Records to use —

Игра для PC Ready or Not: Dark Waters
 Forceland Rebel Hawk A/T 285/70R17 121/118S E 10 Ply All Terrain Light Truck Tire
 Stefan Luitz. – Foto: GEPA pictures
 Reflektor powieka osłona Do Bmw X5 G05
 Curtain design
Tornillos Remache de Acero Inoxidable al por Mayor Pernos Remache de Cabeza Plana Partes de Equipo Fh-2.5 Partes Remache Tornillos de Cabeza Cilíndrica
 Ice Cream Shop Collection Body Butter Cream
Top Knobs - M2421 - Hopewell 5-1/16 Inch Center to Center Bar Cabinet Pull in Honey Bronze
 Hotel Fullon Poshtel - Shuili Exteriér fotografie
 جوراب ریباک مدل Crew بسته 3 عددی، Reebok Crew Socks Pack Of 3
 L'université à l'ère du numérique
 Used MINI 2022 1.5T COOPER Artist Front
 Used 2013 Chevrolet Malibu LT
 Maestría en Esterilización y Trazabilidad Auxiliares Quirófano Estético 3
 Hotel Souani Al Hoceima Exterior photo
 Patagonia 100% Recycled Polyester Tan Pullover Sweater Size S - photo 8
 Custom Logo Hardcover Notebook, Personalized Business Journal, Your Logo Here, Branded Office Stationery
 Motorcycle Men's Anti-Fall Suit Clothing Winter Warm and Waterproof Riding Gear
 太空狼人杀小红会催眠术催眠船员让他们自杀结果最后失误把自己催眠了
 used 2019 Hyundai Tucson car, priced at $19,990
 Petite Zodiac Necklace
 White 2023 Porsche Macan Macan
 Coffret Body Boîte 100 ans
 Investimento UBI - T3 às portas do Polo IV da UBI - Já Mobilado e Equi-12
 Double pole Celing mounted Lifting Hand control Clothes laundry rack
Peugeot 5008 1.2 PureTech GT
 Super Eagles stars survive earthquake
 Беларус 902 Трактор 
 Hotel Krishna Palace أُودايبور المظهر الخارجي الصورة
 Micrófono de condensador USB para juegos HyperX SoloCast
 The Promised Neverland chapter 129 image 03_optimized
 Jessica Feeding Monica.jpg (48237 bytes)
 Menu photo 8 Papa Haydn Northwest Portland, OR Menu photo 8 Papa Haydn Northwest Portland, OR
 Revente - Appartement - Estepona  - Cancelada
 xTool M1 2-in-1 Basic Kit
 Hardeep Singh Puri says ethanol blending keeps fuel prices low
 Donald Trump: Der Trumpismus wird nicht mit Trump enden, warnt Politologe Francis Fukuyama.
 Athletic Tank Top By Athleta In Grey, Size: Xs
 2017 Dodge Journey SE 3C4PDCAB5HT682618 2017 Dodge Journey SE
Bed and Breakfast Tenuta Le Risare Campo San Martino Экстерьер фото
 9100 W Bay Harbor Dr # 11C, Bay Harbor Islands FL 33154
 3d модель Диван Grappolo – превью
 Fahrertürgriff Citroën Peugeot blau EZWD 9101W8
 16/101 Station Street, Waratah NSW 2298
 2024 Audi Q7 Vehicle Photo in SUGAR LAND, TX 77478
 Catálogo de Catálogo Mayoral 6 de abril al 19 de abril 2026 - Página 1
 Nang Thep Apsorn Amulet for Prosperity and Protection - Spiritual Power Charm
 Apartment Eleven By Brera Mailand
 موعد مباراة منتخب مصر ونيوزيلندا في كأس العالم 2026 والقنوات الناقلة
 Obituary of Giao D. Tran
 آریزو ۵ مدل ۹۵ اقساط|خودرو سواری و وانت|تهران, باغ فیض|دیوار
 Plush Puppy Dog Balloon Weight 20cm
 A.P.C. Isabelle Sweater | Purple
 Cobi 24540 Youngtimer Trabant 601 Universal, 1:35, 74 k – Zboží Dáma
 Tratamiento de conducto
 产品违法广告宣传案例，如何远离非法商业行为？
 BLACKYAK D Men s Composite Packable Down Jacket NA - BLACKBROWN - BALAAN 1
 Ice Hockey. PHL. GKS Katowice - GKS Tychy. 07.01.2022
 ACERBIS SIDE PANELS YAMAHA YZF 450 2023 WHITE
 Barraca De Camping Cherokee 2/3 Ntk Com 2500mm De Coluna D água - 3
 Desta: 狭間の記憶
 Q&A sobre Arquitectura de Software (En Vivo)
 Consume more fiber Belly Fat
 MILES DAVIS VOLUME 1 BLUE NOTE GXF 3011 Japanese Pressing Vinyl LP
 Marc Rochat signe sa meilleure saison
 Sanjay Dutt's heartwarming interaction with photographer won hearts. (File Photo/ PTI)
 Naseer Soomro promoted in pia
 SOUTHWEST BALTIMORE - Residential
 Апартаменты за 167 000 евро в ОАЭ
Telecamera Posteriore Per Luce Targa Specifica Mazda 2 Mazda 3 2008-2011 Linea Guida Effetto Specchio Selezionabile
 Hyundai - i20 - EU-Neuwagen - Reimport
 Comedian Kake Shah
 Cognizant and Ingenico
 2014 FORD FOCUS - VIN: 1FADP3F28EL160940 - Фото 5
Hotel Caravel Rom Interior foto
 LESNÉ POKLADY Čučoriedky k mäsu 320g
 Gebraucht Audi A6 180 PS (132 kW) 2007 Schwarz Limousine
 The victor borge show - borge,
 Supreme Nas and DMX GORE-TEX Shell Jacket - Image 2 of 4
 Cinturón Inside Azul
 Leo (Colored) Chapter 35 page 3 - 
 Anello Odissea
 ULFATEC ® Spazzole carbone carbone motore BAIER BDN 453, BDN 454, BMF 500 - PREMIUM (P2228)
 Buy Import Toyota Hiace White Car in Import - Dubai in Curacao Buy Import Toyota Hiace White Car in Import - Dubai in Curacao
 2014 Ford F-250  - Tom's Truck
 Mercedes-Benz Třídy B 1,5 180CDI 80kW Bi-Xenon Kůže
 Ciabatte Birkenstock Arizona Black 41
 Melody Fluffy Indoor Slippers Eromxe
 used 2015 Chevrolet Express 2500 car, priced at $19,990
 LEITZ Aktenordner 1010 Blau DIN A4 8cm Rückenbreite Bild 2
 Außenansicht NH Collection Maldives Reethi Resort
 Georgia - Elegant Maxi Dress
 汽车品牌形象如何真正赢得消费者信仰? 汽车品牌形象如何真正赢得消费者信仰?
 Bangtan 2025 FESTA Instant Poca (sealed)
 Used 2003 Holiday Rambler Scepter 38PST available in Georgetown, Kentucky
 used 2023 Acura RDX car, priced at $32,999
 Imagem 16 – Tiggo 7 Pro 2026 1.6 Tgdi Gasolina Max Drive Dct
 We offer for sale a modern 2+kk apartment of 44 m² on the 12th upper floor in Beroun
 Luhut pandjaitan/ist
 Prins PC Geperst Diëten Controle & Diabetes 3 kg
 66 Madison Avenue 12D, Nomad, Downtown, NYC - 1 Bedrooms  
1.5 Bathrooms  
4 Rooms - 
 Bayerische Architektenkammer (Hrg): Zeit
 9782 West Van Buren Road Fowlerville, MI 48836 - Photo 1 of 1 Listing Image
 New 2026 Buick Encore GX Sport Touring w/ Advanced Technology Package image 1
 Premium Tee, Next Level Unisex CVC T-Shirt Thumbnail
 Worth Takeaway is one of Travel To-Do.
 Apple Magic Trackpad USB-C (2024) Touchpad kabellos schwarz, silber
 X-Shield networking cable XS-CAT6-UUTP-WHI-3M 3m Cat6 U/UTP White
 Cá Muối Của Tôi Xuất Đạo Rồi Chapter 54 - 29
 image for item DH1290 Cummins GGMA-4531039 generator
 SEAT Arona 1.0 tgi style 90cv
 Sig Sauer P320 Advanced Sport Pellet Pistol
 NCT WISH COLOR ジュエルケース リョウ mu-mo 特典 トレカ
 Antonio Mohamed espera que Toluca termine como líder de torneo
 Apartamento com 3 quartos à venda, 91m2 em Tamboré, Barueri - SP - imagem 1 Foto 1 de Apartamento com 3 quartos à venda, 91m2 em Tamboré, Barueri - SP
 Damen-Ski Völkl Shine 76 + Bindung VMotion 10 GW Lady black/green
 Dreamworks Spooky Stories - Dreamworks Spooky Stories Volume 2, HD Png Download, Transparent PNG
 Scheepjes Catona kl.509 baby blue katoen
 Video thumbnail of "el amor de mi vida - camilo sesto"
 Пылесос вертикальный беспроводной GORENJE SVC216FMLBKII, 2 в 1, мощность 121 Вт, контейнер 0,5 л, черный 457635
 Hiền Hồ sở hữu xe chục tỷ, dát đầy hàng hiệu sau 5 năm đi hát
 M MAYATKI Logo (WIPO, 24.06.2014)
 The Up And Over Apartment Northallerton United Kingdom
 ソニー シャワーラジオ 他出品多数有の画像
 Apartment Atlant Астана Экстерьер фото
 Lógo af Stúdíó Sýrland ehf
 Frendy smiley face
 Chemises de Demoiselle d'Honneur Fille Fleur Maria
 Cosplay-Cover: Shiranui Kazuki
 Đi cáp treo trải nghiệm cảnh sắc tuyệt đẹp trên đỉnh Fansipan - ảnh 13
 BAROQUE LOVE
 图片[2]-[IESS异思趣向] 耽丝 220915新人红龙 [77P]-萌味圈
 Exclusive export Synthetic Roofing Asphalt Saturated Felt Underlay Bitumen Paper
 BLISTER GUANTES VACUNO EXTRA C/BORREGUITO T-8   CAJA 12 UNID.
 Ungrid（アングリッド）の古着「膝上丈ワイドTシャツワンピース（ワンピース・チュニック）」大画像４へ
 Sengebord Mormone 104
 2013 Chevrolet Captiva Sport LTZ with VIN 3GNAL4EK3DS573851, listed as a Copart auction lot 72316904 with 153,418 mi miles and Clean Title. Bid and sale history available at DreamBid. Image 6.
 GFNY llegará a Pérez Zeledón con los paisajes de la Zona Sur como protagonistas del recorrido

Work required —
In the entries above, find each line with the word "como" and return it.

Output below —
 Antonio Mohamed espera que Toluca termine como líder de torneo
 GFNY llegará a Pérez Zeledón con los paisajes de la Zona Sur como protagonistas del recorrido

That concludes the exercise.